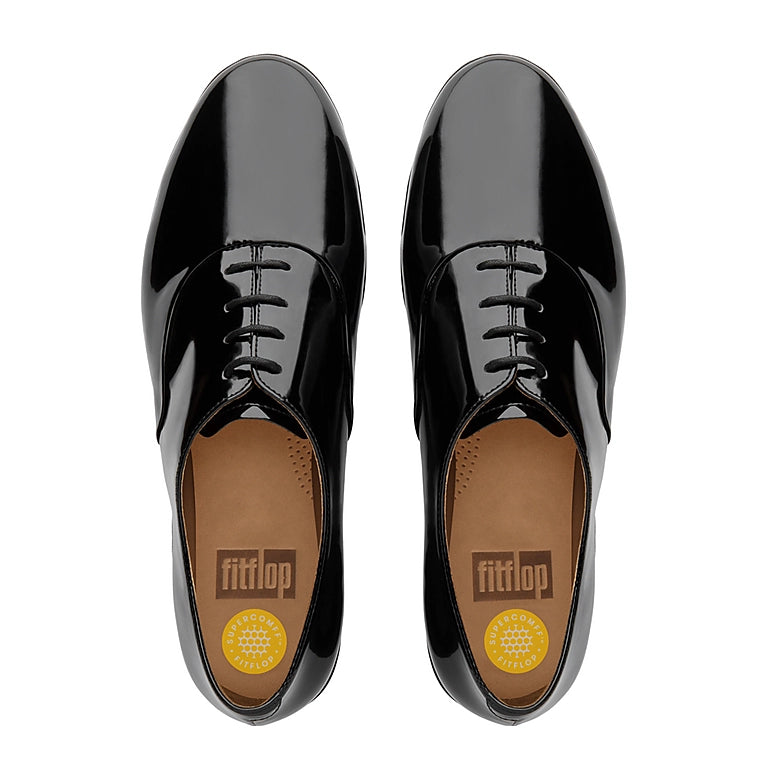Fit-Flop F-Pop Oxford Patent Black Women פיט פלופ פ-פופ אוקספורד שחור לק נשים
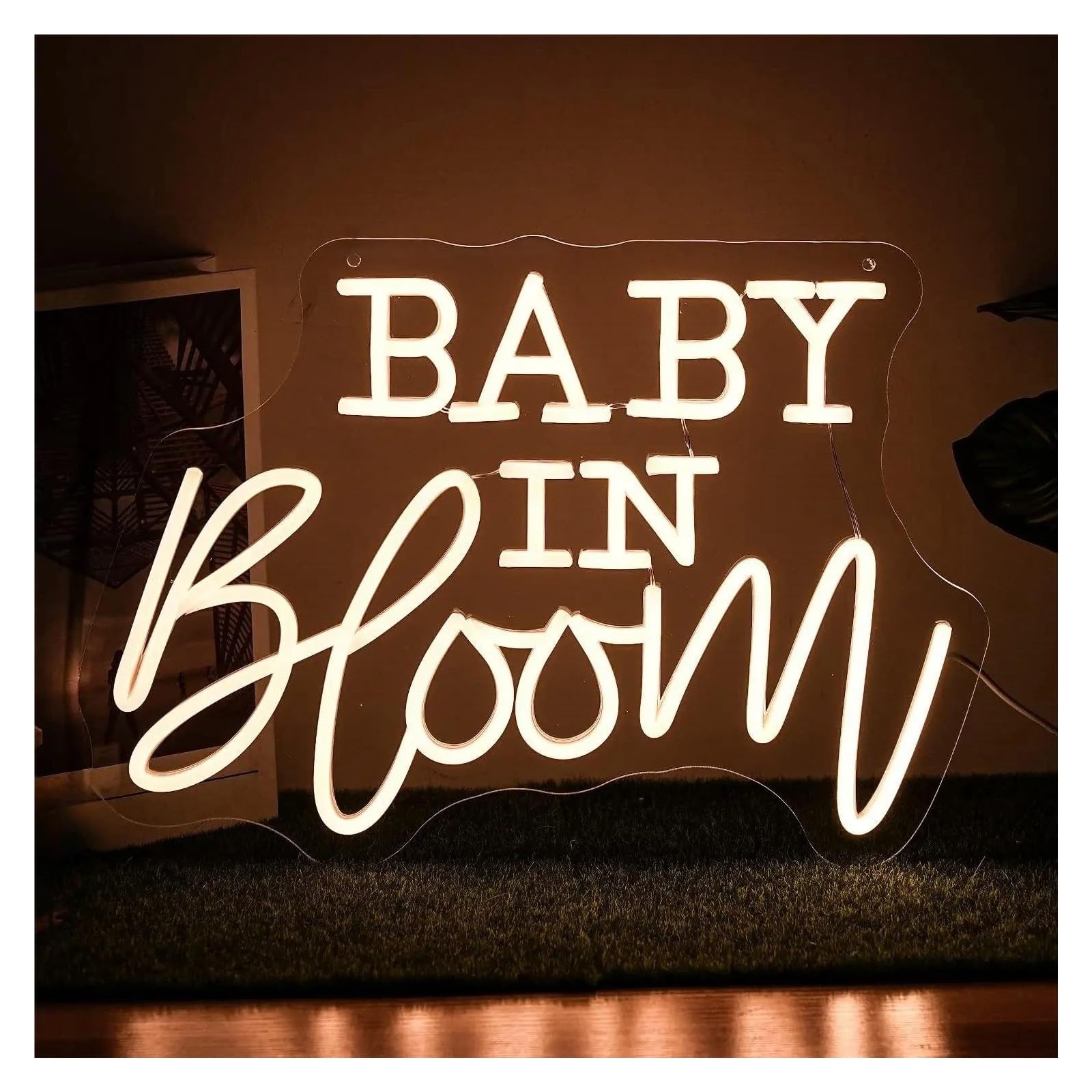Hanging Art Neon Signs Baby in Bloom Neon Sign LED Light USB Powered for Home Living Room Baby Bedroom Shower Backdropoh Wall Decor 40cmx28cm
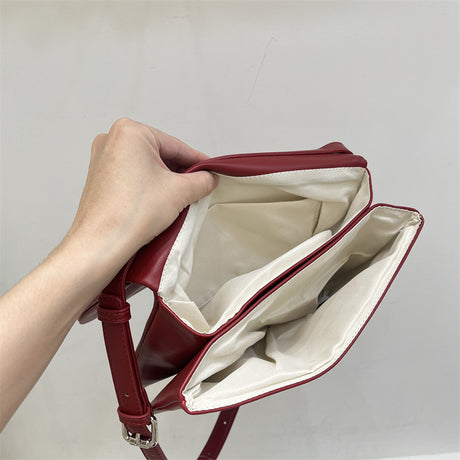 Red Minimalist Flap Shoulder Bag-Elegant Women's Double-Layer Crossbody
○ ○ ○ ○ ○
__Task to carry out__
Send back the listing exactly as it stands. Do not include the pictures.

__Problem solution__
Fit-Flop F-Pop Oxford Patent Black Women פיט פלופ פ-פופ אוקספורד שחור לק נשים
Hanging Art Neon Signs Baby in Bloom Neon Sign LED Light USB Powered for Home Living Room Baby Bedroom Shower Backdropoh Wall Decor 40cmx28cm
 Red Minimalist Flap Shoulder Bag-Elegant Women's Double-Layer Crossbody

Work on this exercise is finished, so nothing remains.